_WHAT NEEDS TO BE DONE_.
Print all of the entries exactly, minus the pictures.

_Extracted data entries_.
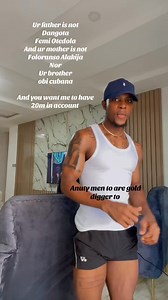 41K views · 726 reactions | Men to na gold digger | Snow Lord | Facebook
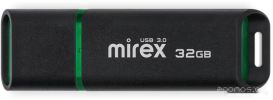USB Flash Mirex Color Blade Spacer 3.0 64GB 13600-FM3SPB64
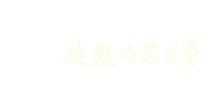&#20048;&#40060;&#39029;&#38754;&#22312;&#32447;&#30331;&#24405;&#45;&#20048;&#40060;&#40;&#20013;&#22269;&#41;
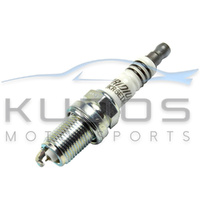 BKR6EIX-11 Iridium IX® Spark Plug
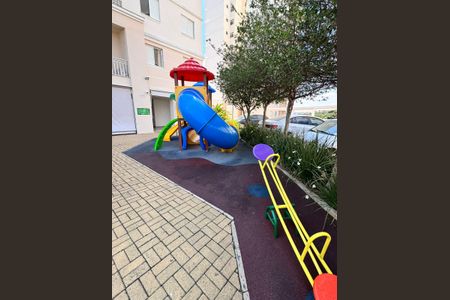Apartamento à venda com 64m², 2 quartos e 1 vaga Apartamento à venda com 64m², 2 quartos e 1 vagaÁrea externa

_TASK RESULT_.
 41K views · 726 reactions | Men to na gold digger | Snow Lord | Facebook
USB Flash Mirex Color Blade Spacer 3.0 64GB 13600-FM3SPB64
&#20048;&#40060;&#39029;&#38754;&#22312;&#32447;&#30331;&#24405;&#45;&#20048;&#40060;&#40;&#20013;&#22269;&#41;
 BKR6EIX-11 Iridium IX® Spark Plug
Apartamento à venda com 64m², 2 quartos e 1 vaga Apartamento à venda com 64m², 2 quartos e 1 vagaÁrea externa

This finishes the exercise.